You might reasonably ask… but what about even integers?
I mean, “ends in 1” is a reasonable way to distinguish between pointers and not-pointers. But what if you want to store the number 4 at some point? Its binary representation ends in “00,” not “1.” The number 88 is even worse - like a pointer, it’s a multiple of 8!
It turns out that CRuby stores your integer in just the top 63 bits out of 64. The final “1” bit isn’t part of the integer’s value, it’s just a sign saying, “yup, this is an integer.” So if type-tagging is two values with one tagging the other, then the bottom bit is the tag and the top 63 bits are the “other” piece of data. They’re both crunched together, but… Well, this is C. If you want to crunch up “multiple” pieces of data into one chunk… C isn’t your mother, and it won’t stop you. In fact, that’s what C does with all its arrays anyway. And in this case it makes for pretty fast code, so that’s what CRuby does.
If you’re up for it, here’s the C code for immediate Fixnums - all this code makes heavy use of bitwise operations, as you’d expect.

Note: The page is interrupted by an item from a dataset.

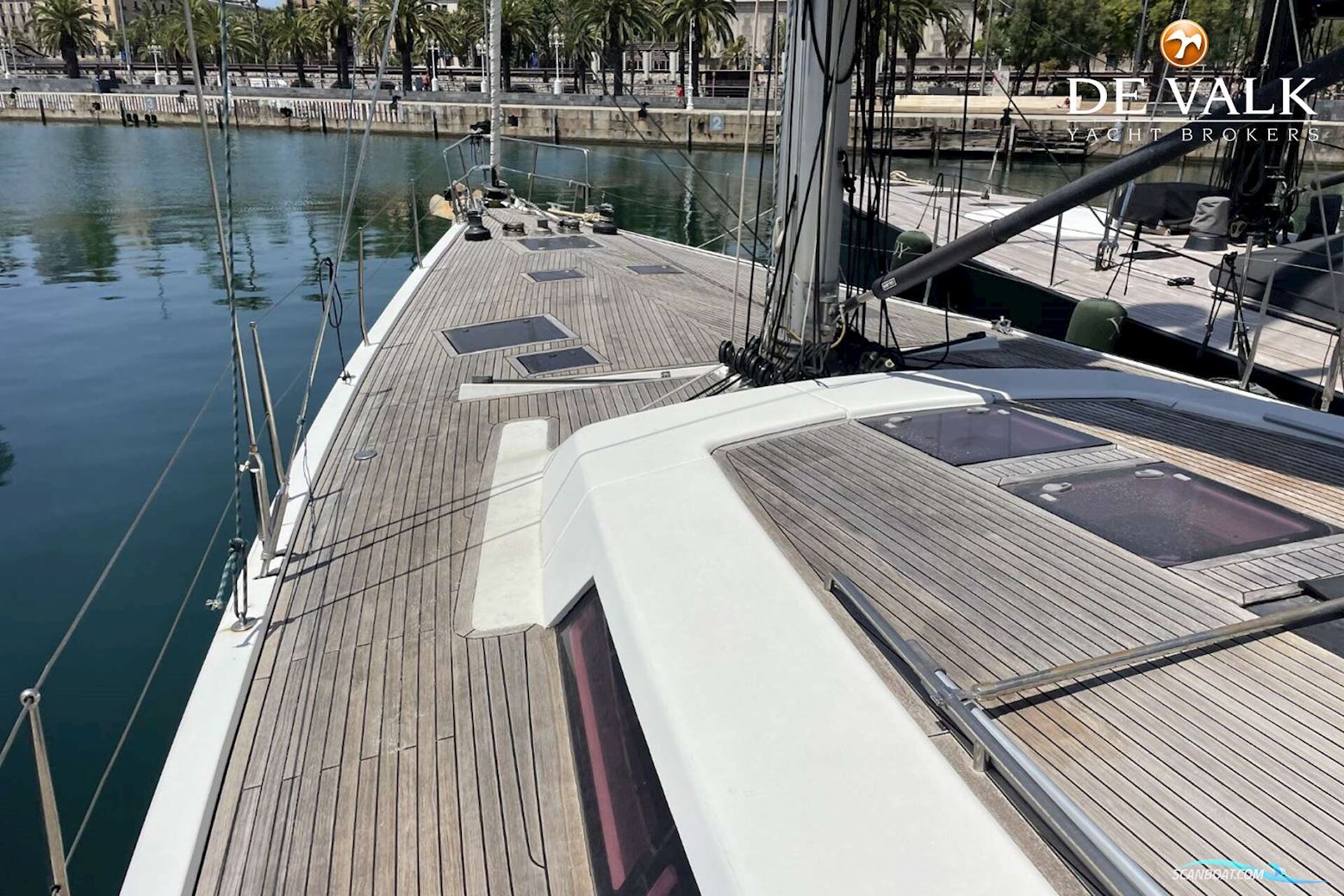 Hanse 630e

// Check if a reference is an immediate Fixnum #define RB_FIXNUM_P(f) (((int)(SIGNED_VALUE)(f))&RUBY_FIXNUM_FLAG) // Convert a C int into a Ruby immediate Fixnum reference #define RB_INT2FIX(i) (((VALUE)(i))<<1 | RUBY_FIXNUM_FLAG) // Convert a Ruby immediate Fixnum into a C int - RSHIFT is just >> #define RB_FIX2LONG(x) ((long)RSHIFT((SIGNED_VALUE)(x),1))

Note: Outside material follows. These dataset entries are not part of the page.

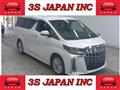 2020 Toyota Alphard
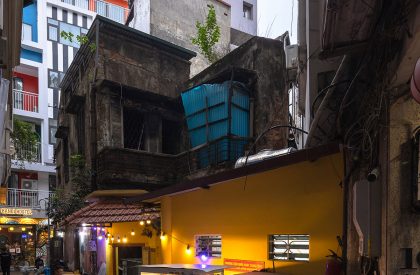 Concon Hotel | ARB Architects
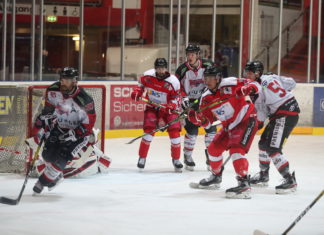 Scorpions: 35 Spiele und 31 Siege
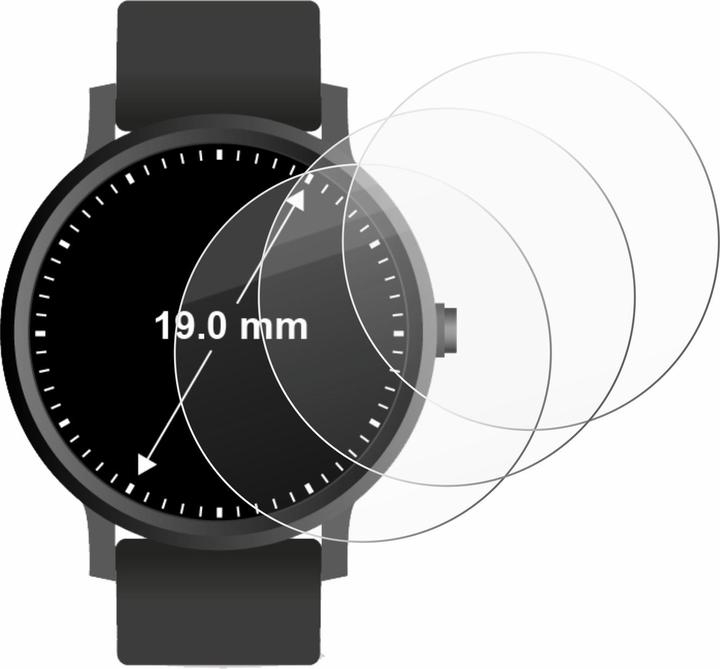 Produktbild BROTECT AirGlass Panzerglasfolie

So It’s All That Simple, Then?
This article can’t cover everything. If you think about symbols for a moment, you’ll realize they have to be a bit more complicated than that - what about a symbol like :thisIsAParticularlyLongName? You can’t fit that in 8 bytes! And yet it’s still an immediate value. Spoiler: Ruby keeps a table that maps the symbol names to fixed-length keys. This is another very old trick, often called String Interning.
And as for what it does to the Float representation… I’ll get into a lot more detail about that, and about what it does to Ruby’s floating-point performance, in a later post.